We begin by ranking the $|D_i|$. Ignoring pairs for which $D_i=0$, we rank the remaining observations from 1 for the pair with the smallest absolute value, up to n for the pair with the largest absolute value (assuming no ties).

We then compute $R_2$, the sum of ranks for the positive $D_i$. If this sum is large, we expect that the pairs with $X_i>Y_i$ have a larger difference (in absolute values) than those with $X_i<Y_i$ . Under $H_0$, it can be shown that

$$E(R_2)=m(m+1)/4$$

where m is the number of non-zero differences.

Thus the test statistic is a comparison of $R_2$ with the above expected value:

$$W_2=\{\begin{array}{ll}\frac{\left|R_2-\frac{n(n+1)}{4}\right|-\frac{1}{2}}{\sqrt{n(n+1)(2n+1)/24}}& \text{if }{R}_2\ne \frac{n(n+1)}{4}\text{ and no ties}\\ \frac{\left|R_2-\frac{n(n+1)}{4}\right|-\frac{1}{2}}{\sqrt{n(n+1)(2n+1)/\left(24-\frac{{\sum }_{i=1}^g(t_i^3-t_i)}{48}\right)}}& \text{if }{R}_2\ne \frac{n(n+1)}{4}\text{ and ties present}\\ 0& \text{if }{R}_2=\frac{n(n+1)}{4}\end{array}$$

where g denotes the number of tied groups, and $t_i$ refers to the number of differences with the same absolute value in the i-th tied group.

If the number of non-zero $D_i$‘s is at least 16, then the statistic $W_2$ follows a $N(0,1)$ distribution approximately.

Example 7.6 (Heart Rate Before / After Treadmill)

R code

wilcox.test(before, after, paired=TRUE, exact=FALSE)

Python code

wsr_out = stats.wilcoxon(hr_df.baseline, hr_df.after5, 
						correction=True, method='approx')
 
print(f"""Test statistic: {wsr_out.statistic:.3f}.
p-val: {wsr_out.pvalue:.3f}.""")

SAS Output

In this problem, we do not have 16 non-zero $D_i$‘s.
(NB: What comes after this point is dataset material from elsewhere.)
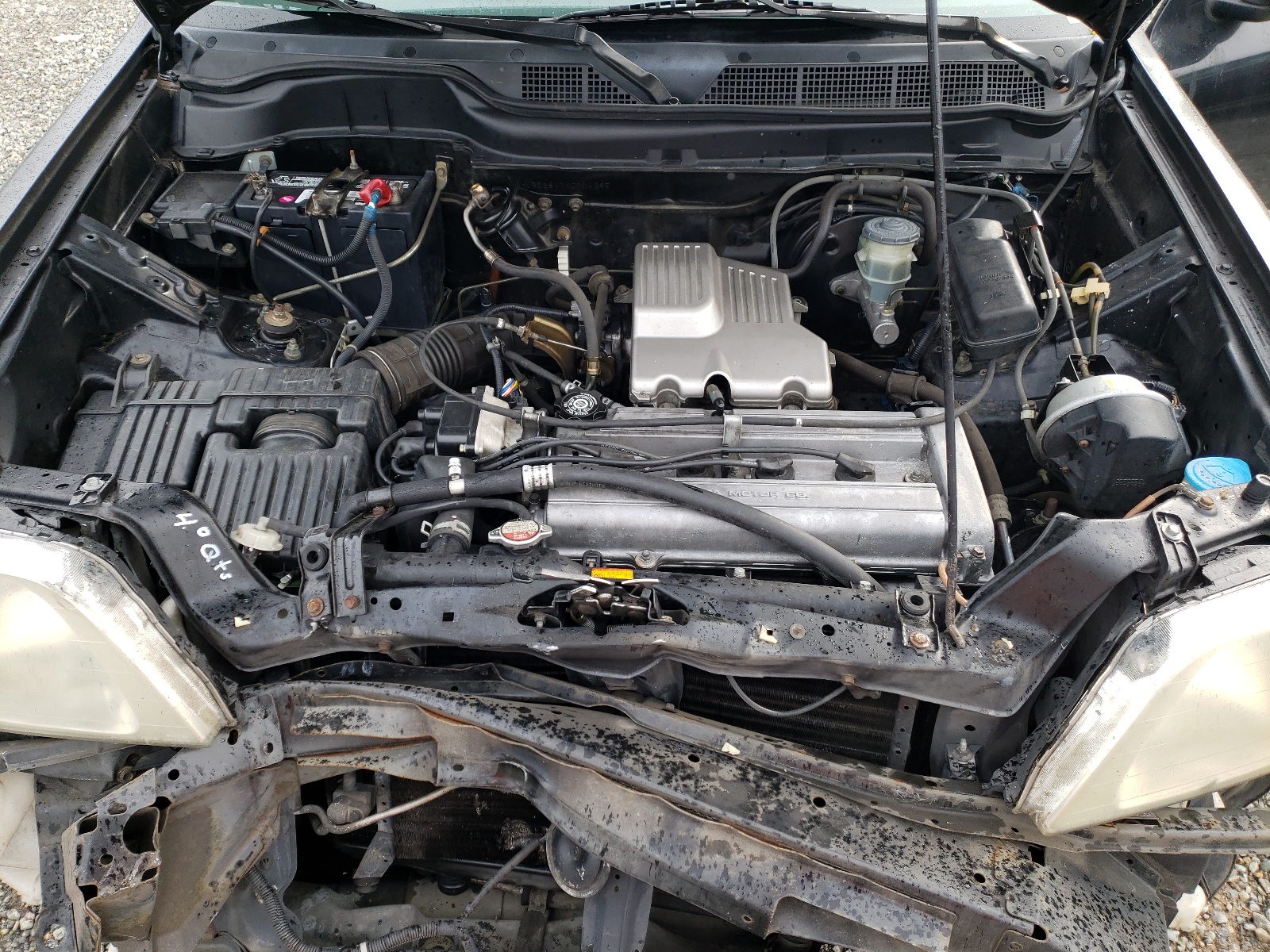 JHLRD2847YC004395 2000 Honda Cr-V Lx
Hence we should in fact be using the “exact” version of the test (R and Python). However, the exact version of the test cannot be used when there are ties.

SAS does indeed use the “exact” version of the test, so that accounts for the difference in p-values. The test statistic in SAS is computed by subtracting $E(R_2)$, but in R and Python this subtraction is not done. To get from test statistic in R (0) to the one in SAS (-39):

$$0-\frac{12(12+1)}{4}=-39$$

In cases like these, we can turn to the bootstrap, or we can use a permutation test.